What might be the economic impact of $120 oil? When Mideast oil prices soared from $3 a barrel in October 1973 to nearly $12 a barrel four months later and when much of the same oil soared from less than $13 a barrel in 1978 to more than $40 in 1981, the world's total oil expenditures approximated 7 percent of world gross domestic product (GDP). Last year, when oil reached $70, oil expenditures approximated 4 percent of global GDP. At $120 per barrel, however, oil expenditures would approach 8 percent of global GDP, a level higher than that produced by the price spikes of 1973-74 and 1979-81, which generated the two deepest recessions in America since the Great Depression.
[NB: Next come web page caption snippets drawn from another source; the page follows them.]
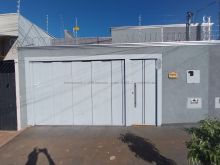 Casa com amplo quintal no Nova Lima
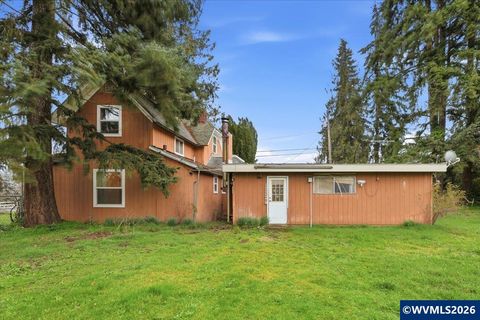 130 C St Scotts Mills OR 97375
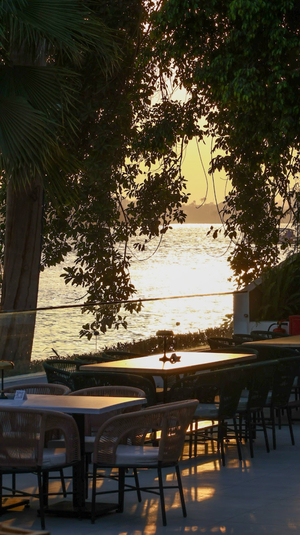 Tenaya Riverside Dining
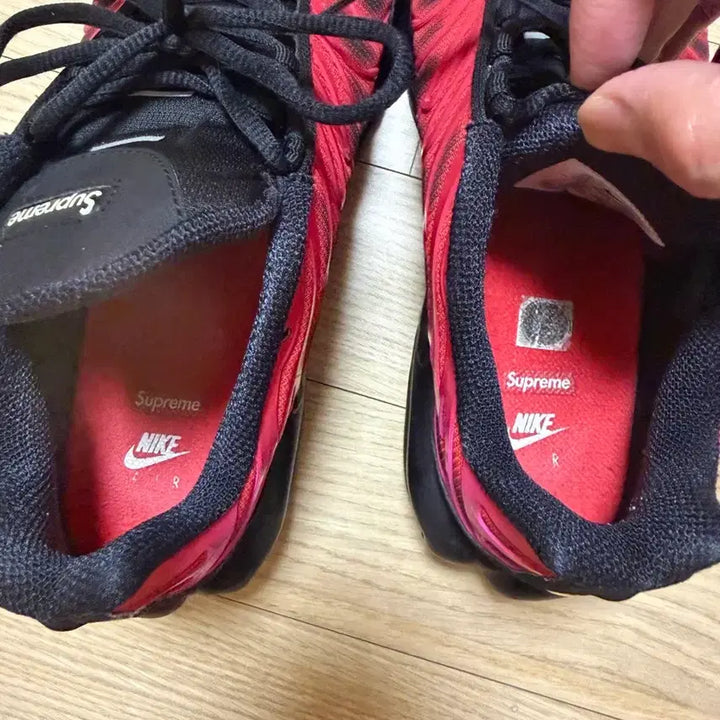 [BUNJANG] Supreme Nike Air Force 1 Low Sneakers / 슈프림 나이키 285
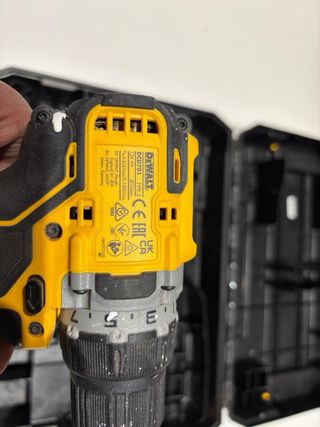 Taladro DeWalt 12V XR DCD701D2 con maletín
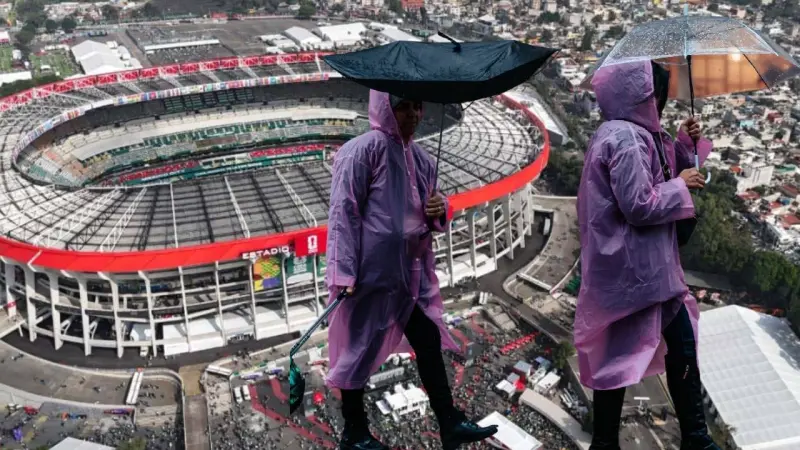 Impermeables y prepararse por lluvias exhortaron autoridades de la CDMX, día de la inauguración del mundial de Fútbol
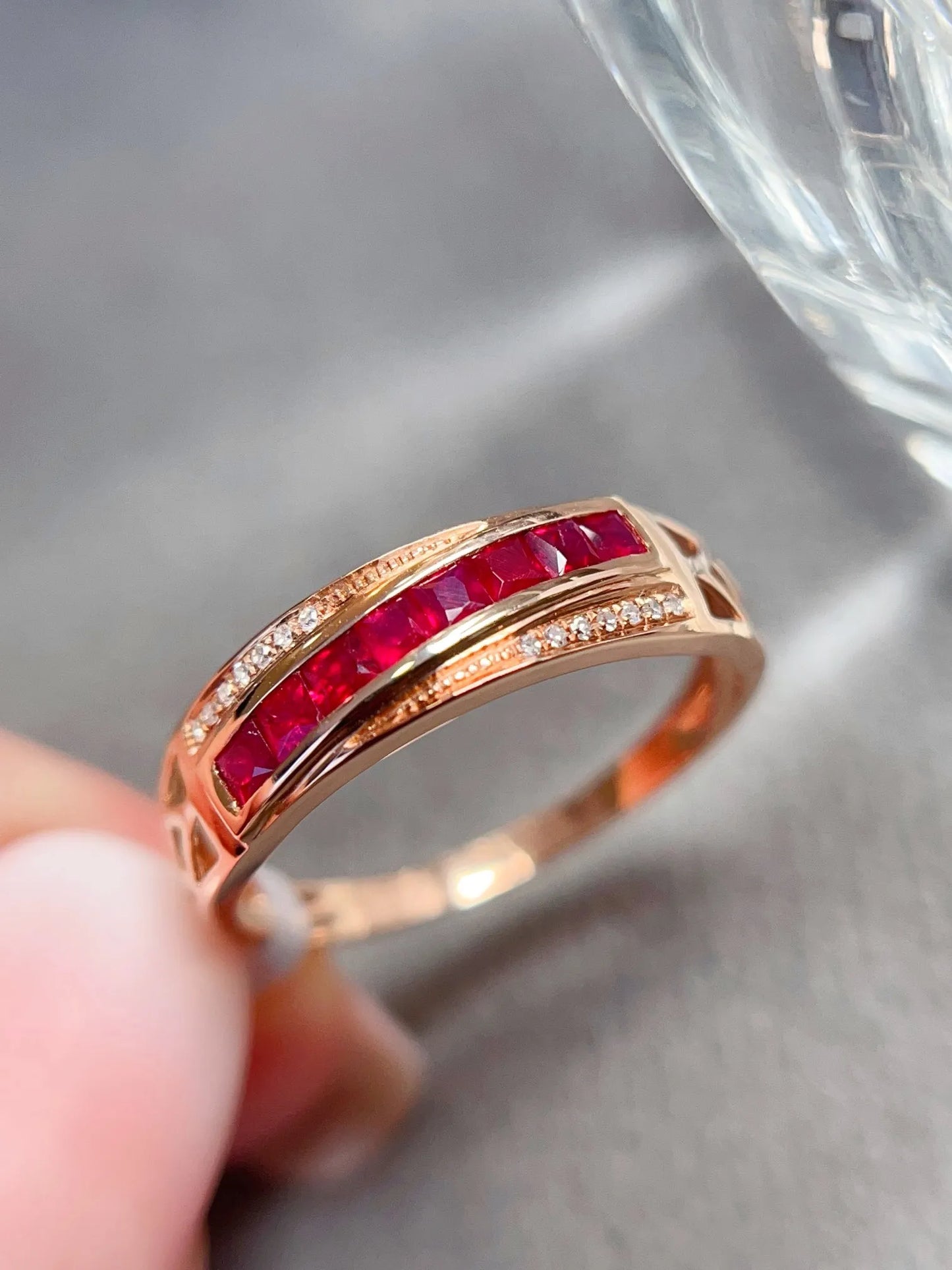 Ring 18K Gold 0.6ct Red Ruby Gemstones Diamonds Anniversary Female's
Moreover, because the United States imports nearly 14 million barrels of petroleum per day (more than twice the import levels in 1973 and 1980), a price of $120 per barrel would increase the nation's petroleum-import bill by $25 billion per month (and $300 billion per year).
Recall that last year's trade deficit totaled about $725 billion, which reflected an annual increase of more than $300 billion since 2002. Now, consider the trade deficit's underlying growth trend independent of any oil-price spikes; then assume that U.S. consumers reduce their demand for non-oil imports by $150 billion per year in order to pay for half of the $300 billion annualized increase in the nation's oil-import bill induced by $120 oil. The result is still an annualized trade deficit above $1 trillion. All of a sudden, the prospect for a huge fall in the dollar becomes much more likely. With foreign investors effectively financing 100 percent of the U.S. budget deficit, which will approach $400 billion this year, all bets would be off.
In an environment of a plunging dollar, the question becomes: How high would U.S. interest rates have to go in order to induce foreigners to continue lending money to America's overstretched consumer and fiscally irresponsible federal government?